They think it takes away from first-hand social experiences, whilst at the same time, allowing ANYTHING to be said, even if that means libelling a person. And usually, 99 times out of a 100, nothing is "done" about it.

I cannot tell you how many times I have had this argument with them.

The only conclusion I can come to is that there are many more Luddites out there than one can imagine.

And that the internet, blogging specifically, bothers something deep inside people.

Just ask Ralph Nader if all he wants is to tax commerce on the internet. I don't think so. It's more than that.

It's about lack of regulation, and possibly, lack of control of opinion-forming.

Which is basically all that MSM does in the way they slant their pieces.

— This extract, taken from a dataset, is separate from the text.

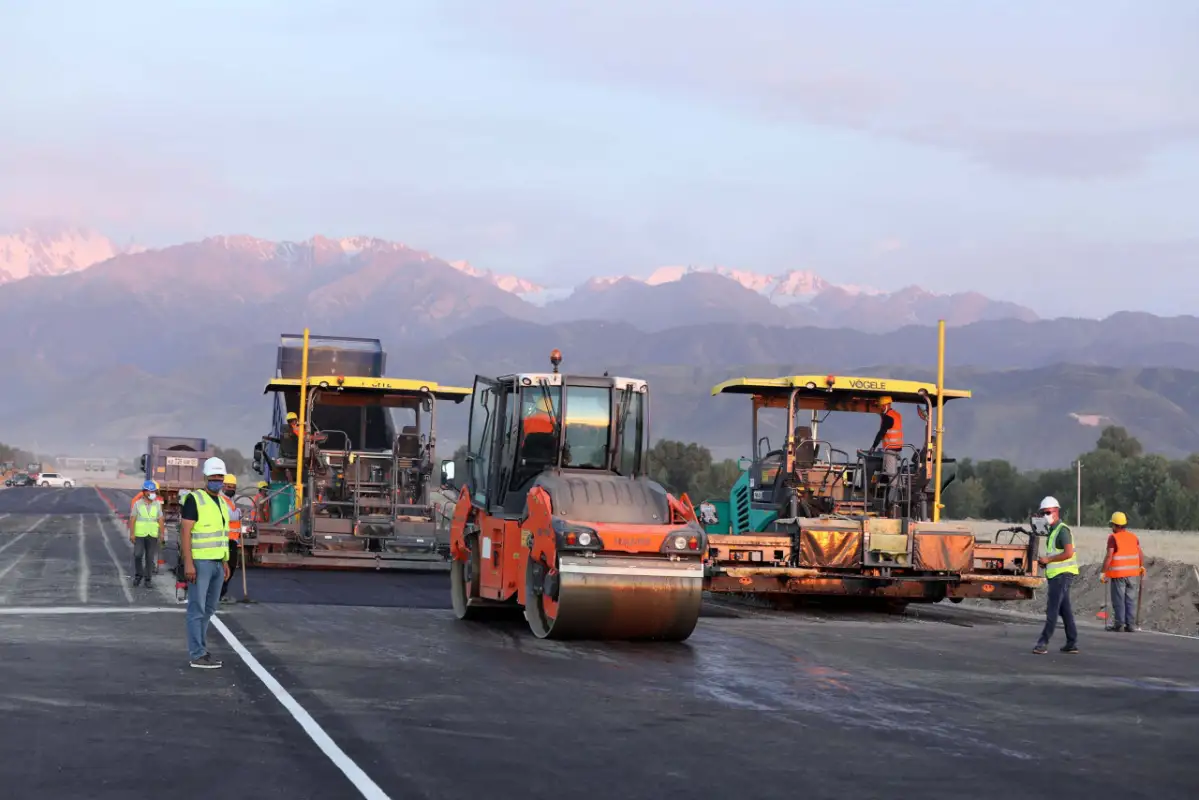 Мамин поручил ускорить строительство БАКАД в Алматы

Information is peachy king, as long as it's being presented by people whose starting premises and ideals mesh with their own.

If not, it's suspect.

I can't believe that 15 years on high, people are still in a snit about the internet and all its social perils. USENET was the precursor to blogging, then came HTML-friendly forums, and now blogging.

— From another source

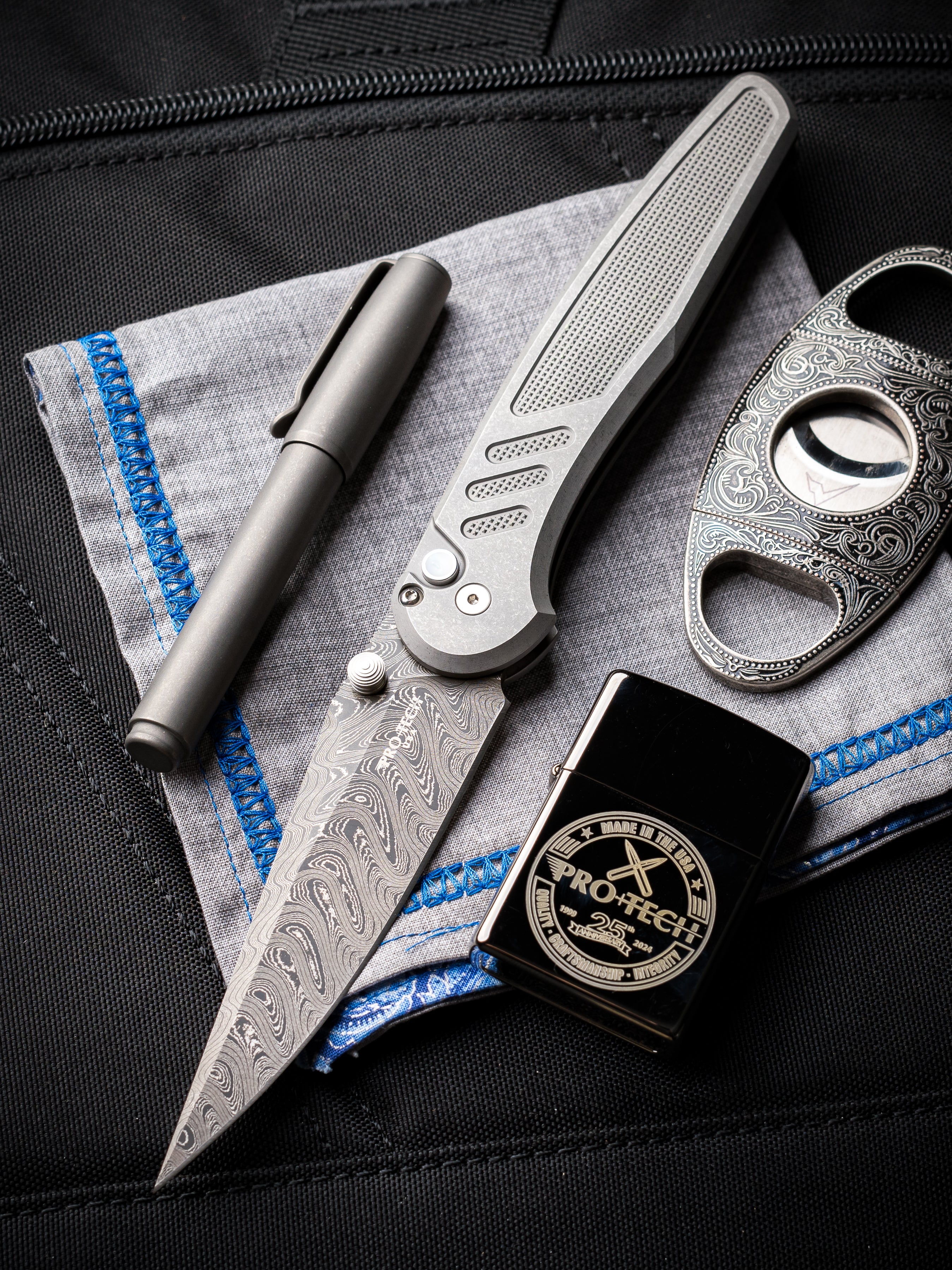 Pro-Tech Custom Peace Neighbor Designed Avalon Steel Handles Nichols Boomerang Damascus Blade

What I am trying to say is that first we've had time to adjust our social world to the internet explosion, and its alleged anti-social realities, and to enhance our real lives accordingly.

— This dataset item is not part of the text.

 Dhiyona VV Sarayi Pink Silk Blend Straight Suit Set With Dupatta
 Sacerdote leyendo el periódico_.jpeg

Practical Positives of Blogging:

1-We write more.
2-We read more.
3-We see the same stories from different angles.
4-With the handy Preview button, you can amend or reconsider your words, avoiding the lack of revision in uttering words aloud as you speak them.
5-We've been handed a powerful tool, which is as close to the influential pamphleteering of the 18th century, as it can be.
6-The printing press has not been destroyed, but it's need has been lessened.

If truth be told, most bloggers blog because they feel they have something to say, but Blogosphere gives them a bigger audience than piping up to the same friends and family they would usually have to spout to.

And yes, maybe in Blogosphere you have to wade through a lot of dreck to get to the nuggets of gold, but that's also a simile for life itself.

What's the fuss about?

Cheers,
Victoria

Ann Althouse said...

CarlB: That would be isthmusal.

P_J said...

Ann,
Never heard of that. I thought it was isthmian?

Peter Hoh said...

I don't think I could tolerate a conversation with EGGAGOG in real life, but as a blog, it's a delight.